Most of the other small modular reactors will not be systems with the potential to radically alter the world energy mix or radically change the cost of energy.

Nuclear Fusion – Lockheed, Lawrenceville Plasma Physics, John Slough and others

Lockheed is developing a 100MW compact fusion reactor that runs on plentiful and cheap deuterium and tritium (isotopes of hydrogen). They are targeting a working prototype by 2018 and then to mass produce them like jet engines.

Currently a cylinder 1 meter wide and 2 meters tall. The 100 MW version would be about twice the dimensions.

Lawrenceville plasma physics is making progress towards a 5 MW Focus Fusion generator. They want to lower projected cost than any other energy tech $60/kW, .2 cents/kW-hr.

John Slough is working on a nuclear fusion system to achieve net gain (possibly this year) on a NASA space propulsion project. He has also built a one third scale system for fusion power generation. Success on the space propulsion project should then lead to funding for his commercial fusion system.


The chart is saying that a full commercial fusion engine would cost less than 100 million and is ballpark estimated at about $30-70 million

Various ideas on Solar to get to about 5 cents per kwh

There are several ideas that could reduce the material, labor and maintenance costs of solar thermal electricity. This would make solar competitive against natural gas, nuclear and coal as they exist today. The radically redesigned nuclear fission and possible success with nuclear fusion have more potential for the next 20 to 30 years.

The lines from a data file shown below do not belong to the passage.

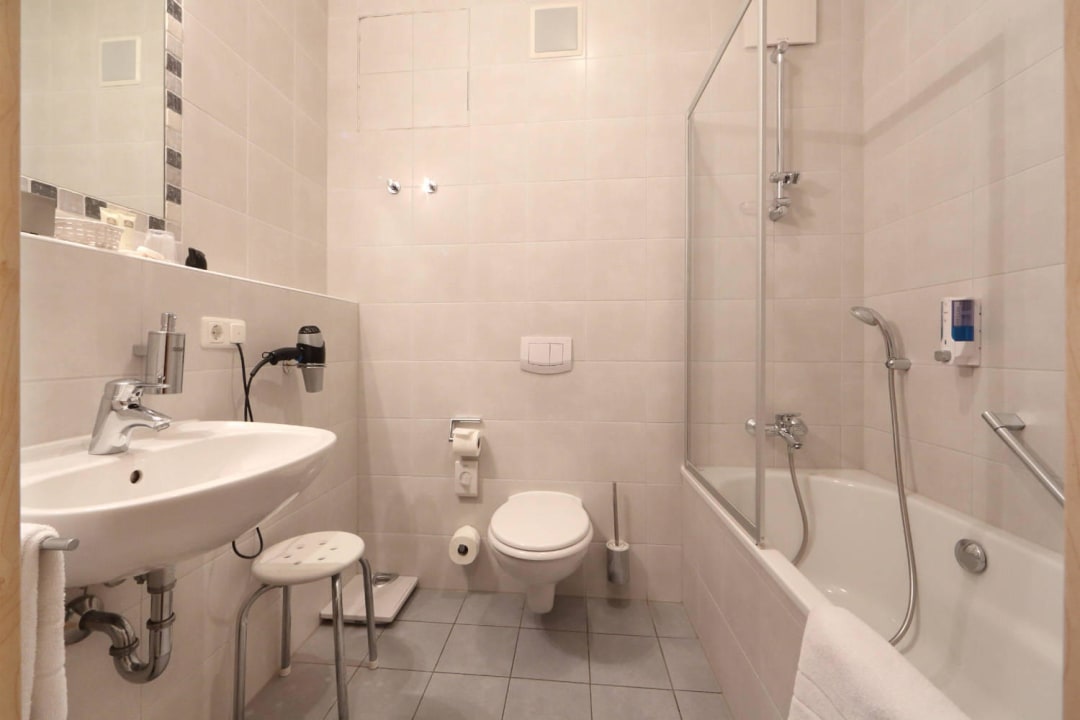 Badezimmer Aalener Römerhotel am Weltkulturerbe Limes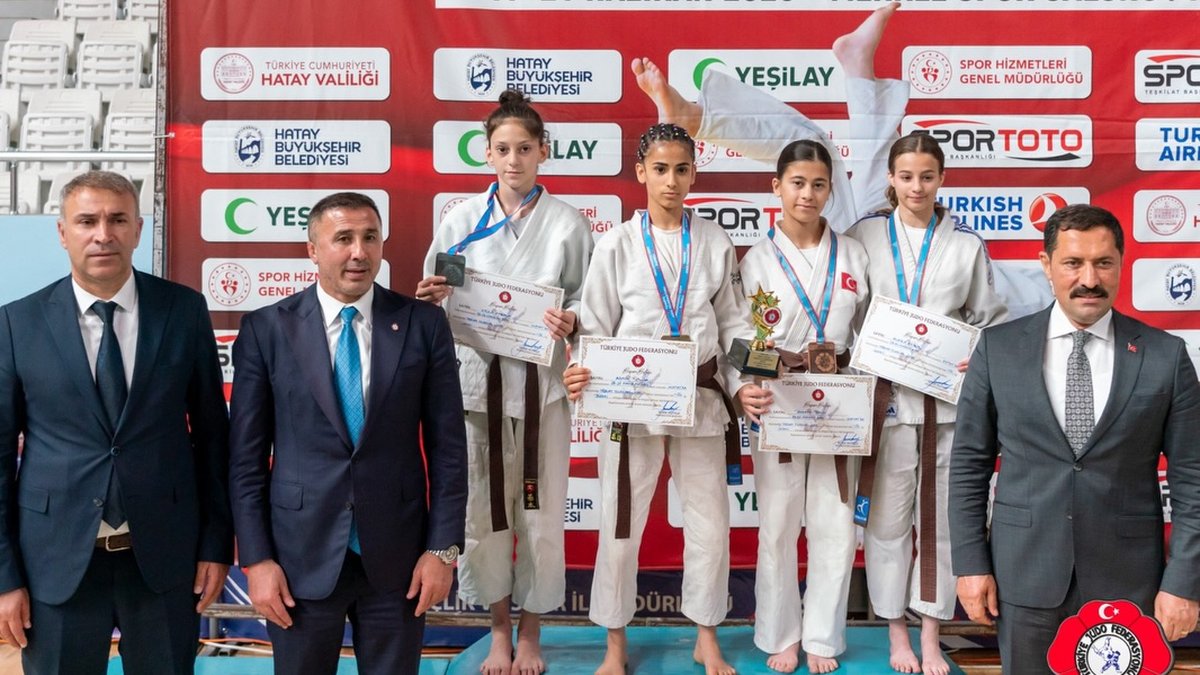 YEŞİLAY YILDIZLAR TÜRKİYE JUDO ŞAMPİYONASI’NDA İLK GÜN DERECELERİ BELLİ OLDU
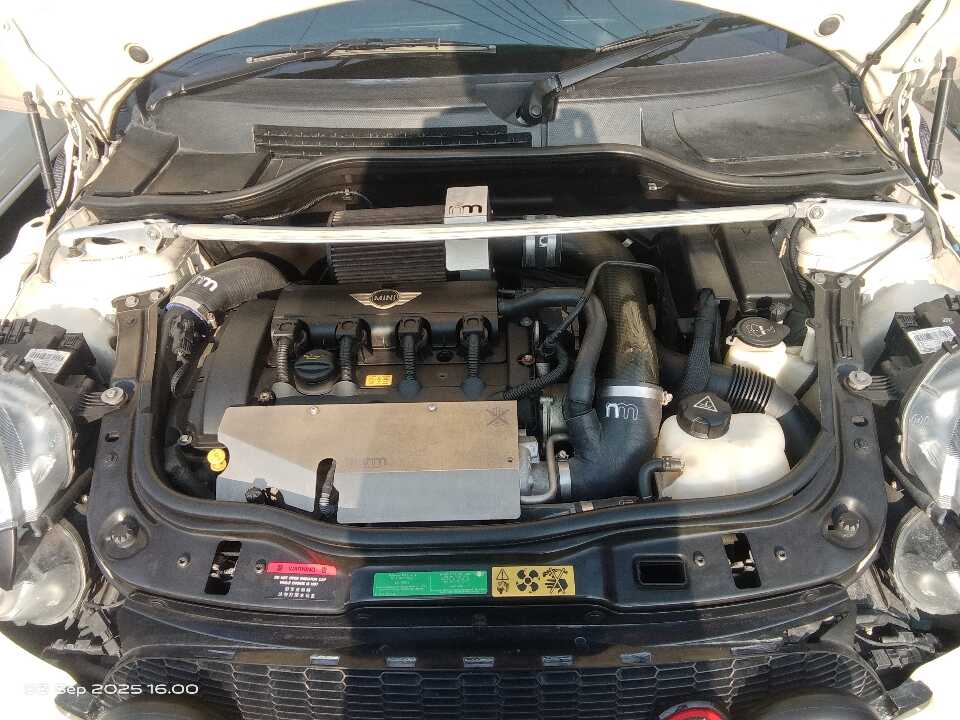 Foto Mobil Bekas Mesin MINI Cooper 1.6 tahun 2010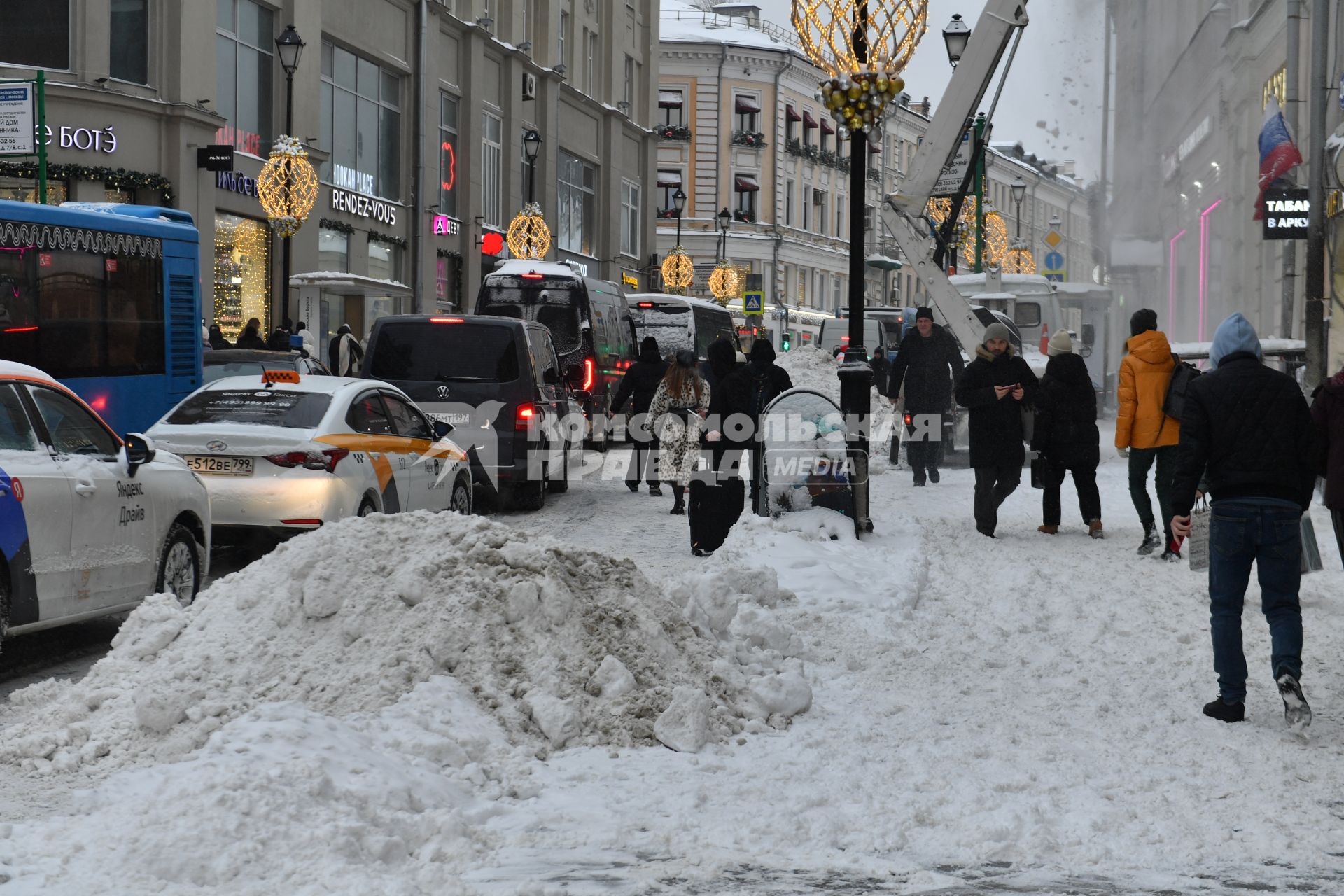 Снег в Москве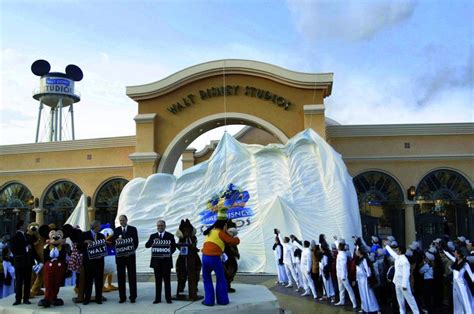 It's time to live the dream again with iconic attractions, selfie spots with beloved disney characters, a new cars road trip experience, disneylicious food and the grand opening of. The History of 25 Years at Disneyland Paris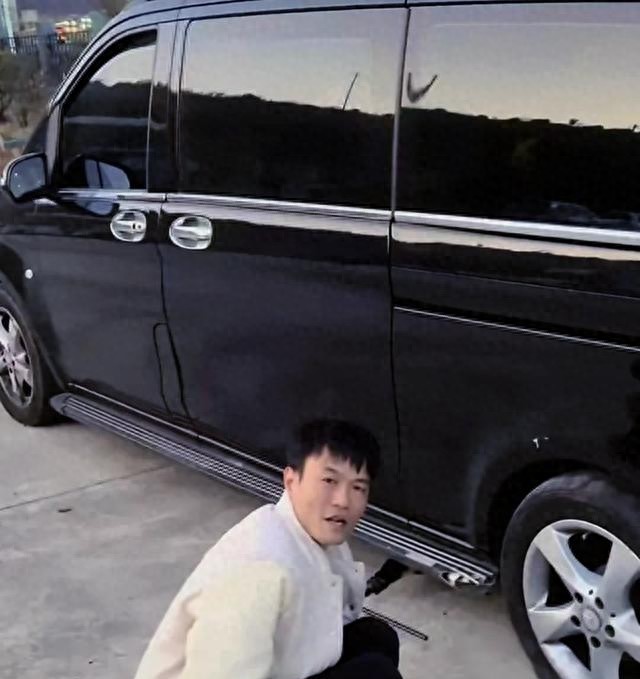 高速爆胎遇高價救援，車主自駕安全感被刺客清零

Solar power continues to have innovation and further refinements to continue to lower costs are possible.

Kite energy for wind is an interesting radical departure, but it seems to be mostly stalled in its development.

Seamus Garvey has proposed redesigns of wind power generation to lower costs by 4 times.

There has been some slow progress on compressed air power storage.

There is also a solve for X proposal that is based upon compressed air power storage

An inexpensive, compressed air energy storage system with 60-70% efficiency could be widely scaled, hopefully enabling terawatts of grid energy storage in the next two decades.

Technology that might make it possible: Water is used to cool air temperature during compression and increase temperature during expansion, making the system more efficient.

This solution is well thought out and considers the response of the fossil fuel markets and companies. A large expansion of renewables will just cause fossil fuel prices to go down to the cost of extraction and processing. Reducing emissions down to 20% of current levels is sustainable. Fossil fuels could only be used for high value purposes.